Data excerpts
- - - - -

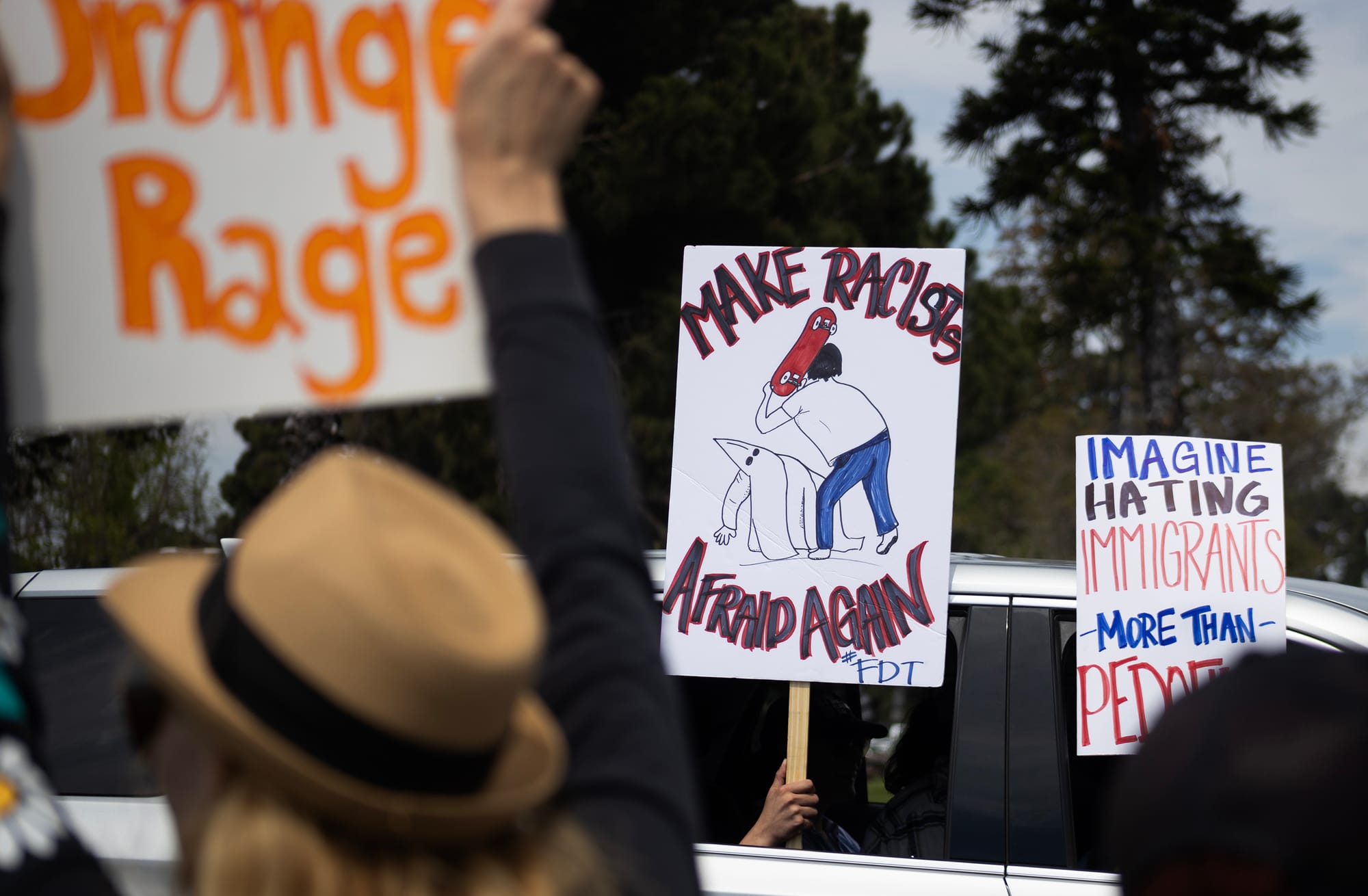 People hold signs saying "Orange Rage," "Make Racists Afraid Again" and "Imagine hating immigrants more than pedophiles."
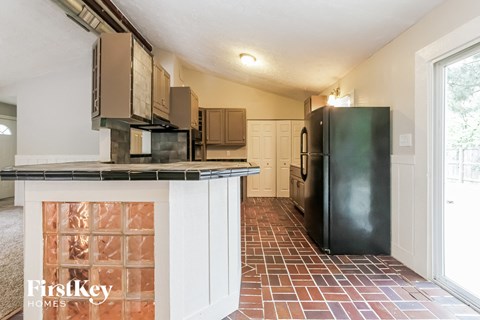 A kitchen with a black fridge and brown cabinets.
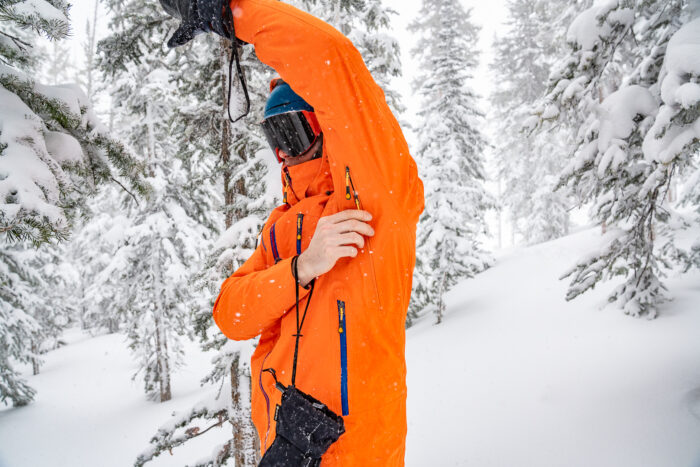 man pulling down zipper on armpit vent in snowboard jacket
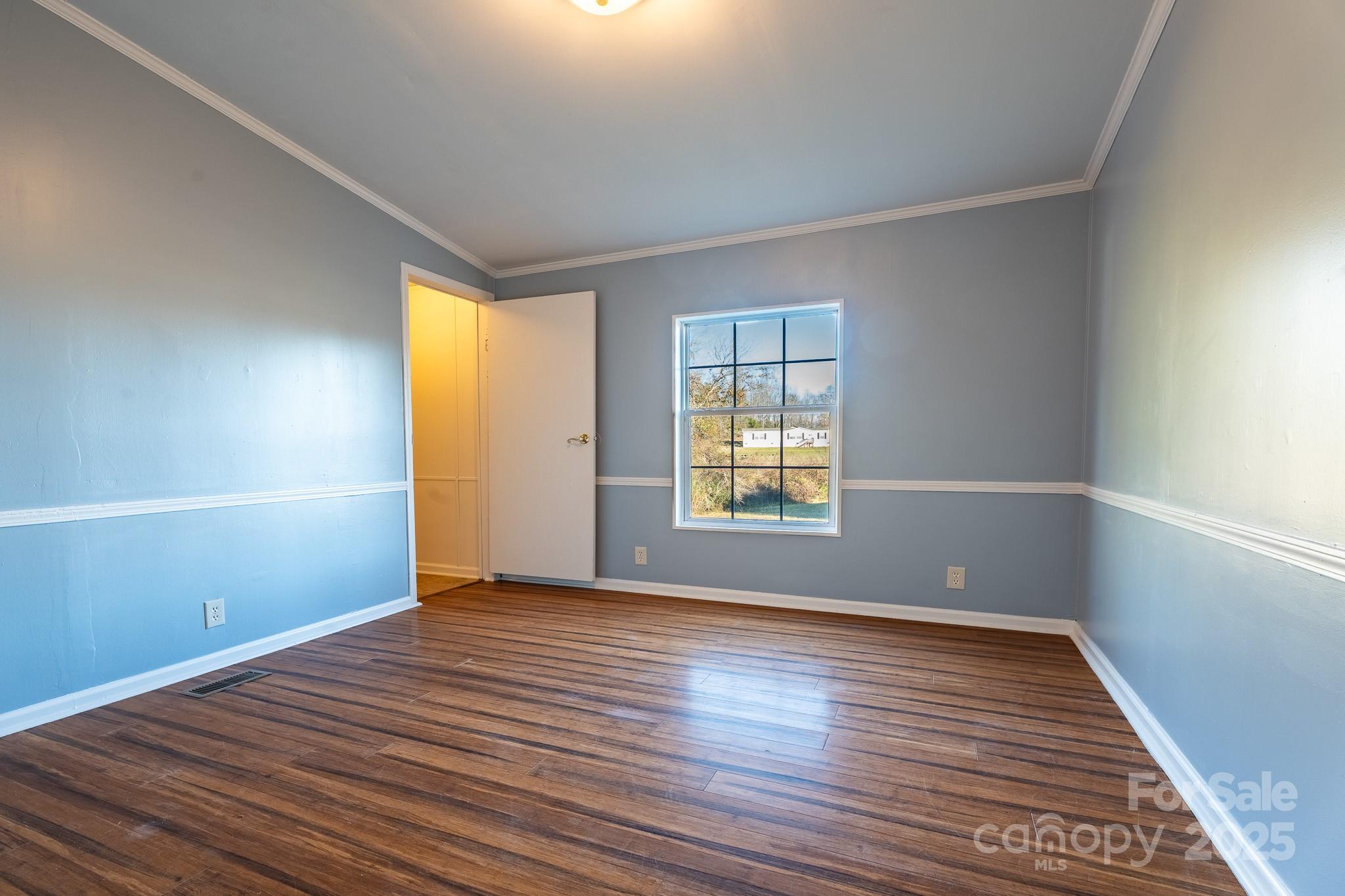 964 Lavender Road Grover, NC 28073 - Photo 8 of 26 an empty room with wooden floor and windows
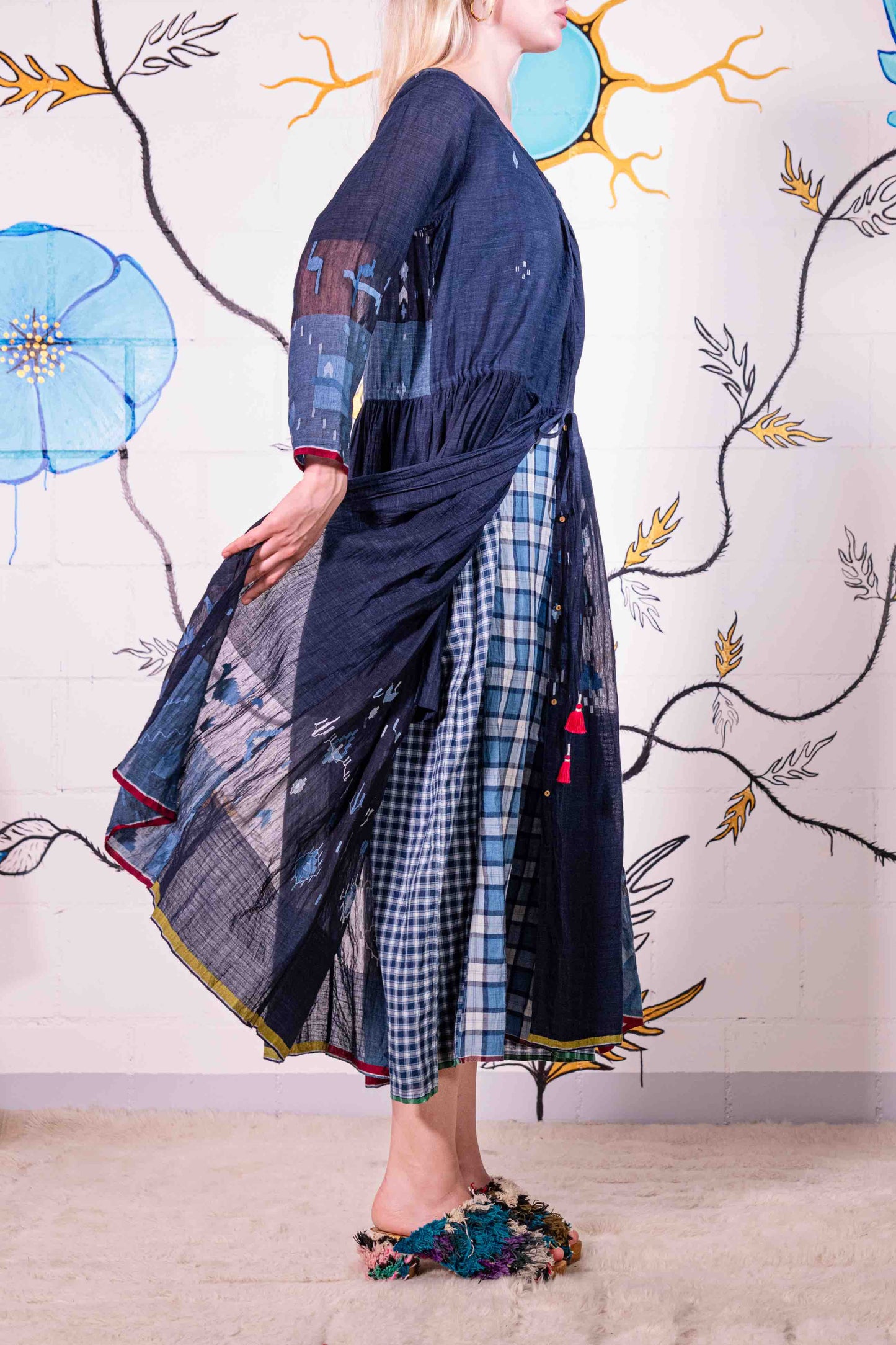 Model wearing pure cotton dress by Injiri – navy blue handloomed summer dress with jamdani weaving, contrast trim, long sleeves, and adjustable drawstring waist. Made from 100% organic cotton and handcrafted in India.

- - - - -

> **Assignment**
An exact copy of the entries above, with no pictures, is the required answer.

> **Your response**
 People hold signs saying "Orange Rage," "Make Racists Afraid Again" and "Imagine hating immigrants more than pedophiles."
 A kitchen with a black fridge and brown cabinets.
 man pulling down zipper on armpit vent in snowboard jacket
 964 Lavender Road Grover, NC 28073 - Photo 8 of 26 an empty room with wooden floor and windows
 Model wearing pure cotton dress by Injiri – navy blue handloomed summer dress with jamdani weaving, contrast trim, long sleeves, and adjustable drawstring waist. Made from 100% organic cotton and handcrafted in India.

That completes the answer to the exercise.